▶ [Directions] Please print the entries below exactly, from the line with "Central Mullion Forest Fire" through the line with "Полярная овсянка - ML646951440", including both of those lines and leaving out all others.

▶ [Exercise input]
##############################
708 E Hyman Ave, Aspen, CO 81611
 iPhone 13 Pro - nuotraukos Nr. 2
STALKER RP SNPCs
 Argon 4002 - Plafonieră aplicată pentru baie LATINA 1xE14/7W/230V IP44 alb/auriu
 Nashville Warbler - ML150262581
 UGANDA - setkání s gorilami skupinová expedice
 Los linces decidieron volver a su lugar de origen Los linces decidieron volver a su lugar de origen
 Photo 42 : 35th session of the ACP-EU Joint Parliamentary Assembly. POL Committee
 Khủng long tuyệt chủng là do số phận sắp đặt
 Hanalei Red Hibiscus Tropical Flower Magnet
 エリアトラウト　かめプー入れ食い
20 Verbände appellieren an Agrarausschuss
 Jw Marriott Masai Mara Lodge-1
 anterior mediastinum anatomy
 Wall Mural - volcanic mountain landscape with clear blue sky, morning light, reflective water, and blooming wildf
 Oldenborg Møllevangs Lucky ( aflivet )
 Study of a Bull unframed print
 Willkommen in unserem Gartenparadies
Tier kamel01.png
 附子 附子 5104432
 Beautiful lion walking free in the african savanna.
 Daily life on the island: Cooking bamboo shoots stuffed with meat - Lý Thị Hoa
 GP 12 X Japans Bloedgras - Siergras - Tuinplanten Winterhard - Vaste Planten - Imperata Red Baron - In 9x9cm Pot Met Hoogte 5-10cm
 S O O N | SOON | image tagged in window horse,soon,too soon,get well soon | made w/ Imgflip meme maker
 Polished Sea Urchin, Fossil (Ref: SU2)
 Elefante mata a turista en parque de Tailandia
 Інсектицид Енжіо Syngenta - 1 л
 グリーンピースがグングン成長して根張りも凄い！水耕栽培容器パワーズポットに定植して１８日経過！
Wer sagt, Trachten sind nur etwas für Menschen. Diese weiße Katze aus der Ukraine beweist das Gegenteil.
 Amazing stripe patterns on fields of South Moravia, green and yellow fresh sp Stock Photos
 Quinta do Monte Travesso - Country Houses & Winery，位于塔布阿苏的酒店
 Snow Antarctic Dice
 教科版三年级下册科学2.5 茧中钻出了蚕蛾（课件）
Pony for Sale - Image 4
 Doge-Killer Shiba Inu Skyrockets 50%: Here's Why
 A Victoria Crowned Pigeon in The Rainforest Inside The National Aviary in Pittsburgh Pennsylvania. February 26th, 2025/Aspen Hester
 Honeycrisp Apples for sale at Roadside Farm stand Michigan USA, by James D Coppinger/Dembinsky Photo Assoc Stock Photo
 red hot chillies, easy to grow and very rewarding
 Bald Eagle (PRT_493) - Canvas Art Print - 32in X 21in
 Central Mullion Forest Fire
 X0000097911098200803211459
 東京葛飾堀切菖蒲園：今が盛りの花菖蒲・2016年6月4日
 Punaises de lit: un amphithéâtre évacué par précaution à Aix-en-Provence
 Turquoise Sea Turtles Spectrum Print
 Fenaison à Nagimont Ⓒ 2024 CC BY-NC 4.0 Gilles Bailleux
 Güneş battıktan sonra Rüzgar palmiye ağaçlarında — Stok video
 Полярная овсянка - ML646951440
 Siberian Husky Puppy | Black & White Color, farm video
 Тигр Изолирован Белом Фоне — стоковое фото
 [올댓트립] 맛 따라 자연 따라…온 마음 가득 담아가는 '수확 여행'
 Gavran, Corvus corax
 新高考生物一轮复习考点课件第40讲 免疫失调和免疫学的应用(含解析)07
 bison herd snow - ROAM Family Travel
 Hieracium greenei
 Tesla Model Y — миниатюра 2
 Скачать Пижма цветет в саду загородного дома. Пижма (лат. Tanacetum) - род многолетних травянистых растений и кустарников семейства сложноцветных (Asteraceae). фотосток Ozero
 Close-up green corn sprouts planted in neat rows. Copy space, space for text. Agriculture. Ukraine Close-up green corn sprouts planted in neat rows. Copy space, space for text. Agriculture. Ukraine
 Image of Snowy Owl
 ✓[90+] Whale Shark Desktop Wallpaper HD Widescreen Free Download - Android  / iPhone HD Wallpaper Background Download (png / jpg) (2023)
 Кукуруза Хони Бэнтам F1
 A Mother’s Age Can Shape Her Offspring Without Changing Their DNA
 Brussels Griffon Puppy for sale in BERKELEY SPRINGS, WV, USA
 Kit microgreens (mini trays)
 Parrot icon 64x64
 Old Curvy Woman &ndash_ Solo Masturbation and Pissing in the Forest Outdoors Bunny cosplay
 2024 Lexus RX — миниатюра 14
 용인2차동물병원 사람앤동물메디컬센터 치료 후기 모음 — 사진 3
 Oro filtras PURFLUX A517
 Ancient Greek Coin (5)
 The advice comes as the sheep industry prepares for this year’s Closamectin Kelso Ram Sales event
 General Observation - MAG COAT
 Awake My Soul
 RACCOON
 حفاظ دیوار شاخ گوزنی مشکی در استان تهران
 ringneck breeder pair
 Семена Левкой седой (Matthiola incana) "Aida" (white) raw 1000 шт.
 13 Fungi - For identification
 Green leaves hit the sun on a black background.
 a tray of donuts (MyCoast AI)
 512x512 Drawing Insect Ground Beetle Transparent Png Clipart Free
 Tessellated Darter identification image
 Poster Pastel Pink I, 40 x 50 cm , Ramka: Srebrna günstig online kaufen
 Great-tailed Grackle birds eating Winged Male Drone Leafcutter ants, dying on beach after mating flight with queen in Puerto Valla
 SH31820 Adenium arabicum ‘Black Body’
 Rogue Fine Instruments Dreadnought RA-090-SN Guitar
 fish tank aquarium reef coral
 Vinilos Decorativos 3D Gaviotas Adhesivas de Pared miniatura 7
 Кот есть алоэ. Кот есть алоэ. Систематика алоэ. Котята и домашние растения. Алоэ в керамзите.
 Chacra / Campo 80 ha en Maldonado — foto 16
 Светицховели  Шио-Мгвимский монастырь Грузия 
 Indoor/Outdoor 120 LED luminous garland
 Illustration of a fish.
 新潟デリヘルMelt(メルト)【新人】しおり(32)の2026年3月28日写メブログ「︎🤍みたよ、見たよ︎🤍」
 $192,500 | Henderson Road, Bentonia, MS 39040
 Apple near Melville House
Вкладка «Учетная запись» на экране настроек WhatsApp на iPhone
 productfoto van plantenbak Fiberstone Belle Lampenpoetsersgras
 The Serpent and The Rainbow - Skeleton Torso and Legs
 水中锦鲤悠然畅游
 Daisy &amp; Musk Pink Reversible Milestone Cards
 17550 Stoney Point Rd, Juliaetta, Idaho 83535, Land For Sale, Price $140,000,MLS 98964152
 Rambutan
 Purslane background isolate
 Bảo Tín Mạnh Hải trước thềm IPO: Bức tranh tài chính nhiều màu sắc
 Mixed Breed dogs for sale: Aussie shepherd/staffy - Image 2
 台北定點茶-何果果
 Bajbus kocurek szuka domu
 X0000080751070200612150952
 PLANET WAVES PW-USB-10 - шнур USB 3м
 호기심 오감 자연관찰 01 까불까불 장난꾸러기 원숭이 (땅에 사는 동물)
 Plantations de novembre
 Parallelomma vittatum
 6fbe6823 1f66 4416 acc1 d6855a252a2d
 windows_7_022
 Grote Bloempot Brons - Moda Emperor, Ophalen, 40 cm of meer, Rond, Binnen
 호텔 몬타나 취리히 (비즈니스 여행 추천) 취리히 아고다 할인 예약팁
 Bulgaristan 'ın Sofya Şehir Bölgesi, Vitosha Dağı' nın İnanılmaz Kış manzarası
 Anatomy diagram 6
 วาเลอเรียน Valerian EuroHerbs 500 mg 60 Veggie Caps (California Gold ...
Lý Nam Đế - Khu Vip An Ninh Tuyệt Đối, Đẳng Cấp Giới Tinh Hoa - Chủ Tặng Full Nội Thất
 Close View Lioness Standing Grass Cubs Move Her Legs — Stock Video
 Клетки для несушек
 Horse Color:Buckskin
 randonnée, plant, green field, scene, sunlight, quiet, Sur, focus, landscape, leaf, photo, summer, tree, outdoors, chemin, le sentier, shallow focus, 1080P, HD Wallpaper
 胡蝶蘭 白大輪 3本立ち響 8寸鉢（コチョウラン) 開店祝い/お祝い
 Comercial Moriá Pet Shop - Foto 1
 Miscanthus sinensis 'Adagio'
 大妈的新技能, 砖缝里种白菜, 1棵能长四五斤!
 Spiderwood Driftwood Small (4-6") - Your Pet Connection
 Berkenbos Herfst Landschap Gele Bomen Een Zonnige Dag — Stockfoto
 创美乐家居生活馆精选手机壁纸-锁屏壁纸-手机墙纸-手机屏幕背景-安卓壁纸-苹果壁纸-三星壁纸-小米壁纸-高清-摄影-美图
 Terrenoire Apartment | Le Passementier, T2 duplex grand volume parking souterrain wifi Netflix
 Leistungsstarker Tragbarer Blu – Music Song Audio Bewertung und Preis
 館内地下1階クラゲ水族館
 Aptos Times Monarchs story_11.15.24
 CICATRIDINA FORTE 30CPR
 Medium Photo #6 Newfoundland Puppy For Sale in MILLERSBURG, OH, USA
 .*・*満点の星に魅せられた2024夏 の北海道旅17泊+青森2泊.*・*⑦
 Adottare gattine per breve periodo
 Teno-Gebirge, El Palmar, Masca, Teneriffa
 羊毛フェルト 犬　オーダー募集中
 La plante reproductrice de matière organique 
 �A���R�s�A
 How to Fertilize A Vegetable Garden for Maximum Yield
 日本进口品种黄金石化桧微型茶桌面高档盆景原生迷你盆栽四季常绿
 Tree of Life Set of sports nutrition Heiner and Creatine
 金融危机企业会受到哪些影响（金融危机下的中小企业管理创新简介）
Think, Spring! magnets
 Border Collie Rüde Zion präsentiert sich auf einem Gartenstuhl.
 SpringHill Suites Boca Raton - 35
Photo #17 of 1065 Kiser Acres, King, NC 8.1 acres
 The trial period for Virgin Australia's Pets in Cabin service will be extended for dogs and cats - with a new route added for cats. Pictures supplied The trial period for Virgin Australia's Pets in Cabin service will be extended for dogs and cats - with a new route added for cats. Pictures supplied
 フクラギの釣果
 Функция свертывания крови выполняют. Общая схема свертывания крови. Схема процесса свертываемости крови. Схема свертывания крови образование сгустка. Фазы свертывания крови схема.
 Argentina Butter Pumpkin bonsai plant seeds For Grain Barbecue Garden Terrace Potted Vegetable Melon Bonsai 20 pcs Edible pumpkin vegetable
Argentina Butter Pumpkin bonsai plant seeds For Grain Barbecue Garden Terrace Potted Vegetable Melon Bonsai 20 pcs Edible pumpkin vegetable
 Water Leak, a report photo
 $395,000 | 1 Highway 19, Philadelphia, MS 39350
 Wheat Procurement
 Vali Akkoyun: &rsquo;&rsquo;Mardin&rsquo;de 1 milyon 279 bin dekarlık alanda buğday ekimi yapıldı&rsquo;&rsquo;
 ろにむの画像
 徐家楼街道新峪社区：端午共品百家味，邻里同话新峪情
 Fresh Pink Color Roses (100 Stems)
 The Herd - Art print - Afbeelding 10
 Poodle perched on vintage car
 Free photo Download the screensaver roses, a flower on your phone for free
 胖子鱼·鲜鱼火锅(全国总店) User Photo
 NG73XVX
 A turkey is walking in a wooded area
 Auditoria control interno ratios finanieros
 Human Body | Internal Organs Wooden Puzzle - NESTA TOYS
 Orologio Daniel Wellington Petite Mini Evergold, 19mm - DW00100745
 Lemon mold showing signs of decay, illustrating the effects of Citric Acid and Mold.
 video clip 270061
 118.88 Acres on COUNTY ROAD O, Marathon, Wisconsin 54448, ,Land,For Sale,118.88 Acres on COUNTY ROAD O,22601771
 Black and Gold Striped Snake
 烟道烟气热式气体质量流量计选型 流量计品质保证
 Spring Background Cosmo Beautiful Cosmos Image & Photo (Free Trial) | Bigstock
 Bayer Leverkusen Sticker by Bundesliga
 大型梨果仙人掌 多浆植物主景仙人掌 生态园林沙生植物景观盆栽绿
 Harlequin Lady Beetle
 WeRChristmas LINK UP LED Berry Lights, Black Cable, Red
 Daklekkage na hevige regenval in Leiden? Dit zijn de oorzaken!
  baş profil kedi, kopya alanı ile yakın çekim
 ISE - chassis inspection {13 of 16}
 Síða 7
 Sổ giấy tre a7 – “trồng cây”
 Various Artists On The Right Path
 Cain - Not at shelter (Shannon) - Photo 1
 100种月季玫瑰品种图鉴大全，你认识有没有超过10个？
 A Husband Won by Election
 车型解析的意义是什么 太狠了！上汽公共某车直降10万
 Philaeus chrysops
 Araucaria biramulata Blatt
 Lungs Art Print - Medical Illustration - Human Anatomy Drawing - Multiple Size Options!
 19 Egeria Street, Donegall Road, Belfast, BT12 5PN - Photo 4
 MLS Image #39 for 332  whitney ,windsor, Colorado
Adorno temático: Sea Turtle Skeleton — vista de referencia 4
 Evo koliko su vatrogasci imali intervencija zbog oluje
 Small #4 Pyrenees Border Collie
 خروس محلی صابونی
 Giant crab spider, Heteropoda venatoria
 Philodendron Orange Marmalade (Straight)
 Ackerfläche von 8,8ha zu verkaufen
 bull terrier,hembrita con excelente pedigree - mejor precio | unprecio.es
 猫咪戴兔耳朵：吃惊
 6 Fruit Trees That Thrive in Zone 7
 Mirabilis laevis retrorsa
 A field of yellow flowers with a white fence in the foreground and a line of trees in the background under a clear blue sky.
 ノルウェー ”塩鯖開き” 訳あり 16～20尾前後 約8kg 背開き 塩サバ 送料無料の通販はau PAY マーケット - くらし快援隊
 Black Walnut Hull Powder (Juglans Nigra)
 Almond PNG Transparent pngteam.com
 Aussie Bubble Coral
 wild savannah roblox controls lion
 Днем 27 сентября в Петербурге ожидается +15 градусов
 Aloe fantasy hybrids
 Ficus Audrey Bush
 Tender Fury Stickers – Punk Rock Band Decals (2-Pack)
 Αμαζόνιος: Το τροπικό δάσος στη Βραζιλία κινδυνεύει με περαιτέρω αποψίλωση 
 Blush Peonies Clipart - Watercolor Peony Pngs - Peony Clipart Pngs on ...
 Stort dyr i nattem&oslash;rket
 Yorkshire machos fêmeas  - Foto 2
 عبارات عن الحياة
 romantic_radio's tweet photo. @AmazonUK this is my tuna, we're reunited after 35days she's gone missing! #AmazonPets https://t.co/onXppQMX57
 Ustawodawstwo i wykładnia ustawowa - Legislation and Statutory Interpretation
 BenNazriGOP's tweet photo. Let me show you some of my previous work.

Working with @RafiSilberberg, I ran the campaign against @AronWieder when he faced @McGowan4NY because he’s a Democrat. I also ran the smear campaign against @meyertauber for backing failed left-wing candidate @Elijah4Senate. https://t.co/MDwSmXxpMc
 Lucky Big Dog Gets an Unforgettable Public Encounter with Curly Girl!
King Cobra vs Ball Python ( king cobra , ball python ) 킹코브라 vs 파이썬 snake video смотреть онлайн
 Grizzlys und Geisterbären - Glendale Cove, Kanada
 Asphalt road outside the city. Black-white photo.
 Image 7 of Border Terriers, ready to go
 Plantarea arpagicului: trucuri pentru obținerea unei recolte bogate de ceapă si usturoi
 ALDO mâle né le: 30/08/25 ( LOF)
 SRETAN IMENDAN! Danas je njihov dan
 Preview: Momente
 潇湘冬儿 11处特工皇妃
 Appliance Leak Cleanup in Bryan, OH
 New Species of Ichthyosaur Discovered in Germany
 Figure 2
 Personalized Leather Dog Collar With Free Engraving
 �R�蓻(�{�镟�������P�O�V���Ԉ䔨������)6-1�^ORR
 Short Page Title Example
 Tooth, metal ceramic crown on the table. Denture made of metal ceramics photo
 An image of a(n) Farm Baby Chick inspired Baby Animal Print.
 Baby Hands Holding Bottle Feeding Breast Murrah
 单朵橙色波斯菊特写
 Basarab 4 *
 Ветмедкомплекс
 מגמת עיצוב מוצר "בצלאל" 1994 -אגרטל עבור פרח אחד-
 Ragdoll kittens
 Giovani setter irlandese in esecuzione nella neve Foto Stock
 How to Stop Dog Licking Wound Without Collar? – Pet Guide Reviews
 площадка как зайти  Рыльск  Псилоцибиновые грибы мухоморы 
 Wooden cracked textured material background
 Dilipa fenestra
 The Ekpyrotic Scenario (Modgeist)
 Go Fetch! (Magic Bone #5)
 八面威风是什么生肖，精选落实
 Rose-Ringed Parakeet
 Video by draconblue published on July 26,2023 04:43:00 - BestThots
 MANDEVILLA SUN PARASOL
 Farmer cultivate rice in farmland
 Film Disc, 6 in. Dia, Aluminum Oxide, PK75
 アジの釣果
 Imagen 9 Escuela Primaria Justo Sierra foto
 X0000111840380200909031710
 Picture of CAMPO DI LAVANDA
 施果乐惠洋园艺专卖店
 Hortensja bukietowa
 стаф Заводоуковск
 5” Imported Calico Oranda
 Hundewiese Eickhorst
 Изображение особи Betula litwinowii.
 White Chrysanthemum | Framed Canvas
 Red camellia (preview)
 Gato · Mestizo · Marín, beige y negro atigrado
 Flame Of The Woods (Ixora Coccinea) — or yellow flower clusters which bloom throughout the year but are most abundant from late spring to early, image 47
##############################
▶ [Solved exercise]
 Central Mullion Forest Fire
 X0000097911098200803211459
 東京葛飾堀切菖蒲園：今が盛りの花菖蒲・2016年6月4日
 Punaises de lit: un amphithéâtre évacué par précaution à Aix-en-Provence
 Turquoise Sea Turtles Spectrum Print
 Fenaison à Nagimont Ⓒ 2024 CC BY-NC 4.0 Gilles Bailleux
 Güneş battıktan sonra Rüzgar palmiye ağaçlarında — Stok video
 Полярная овсянка - ML646951440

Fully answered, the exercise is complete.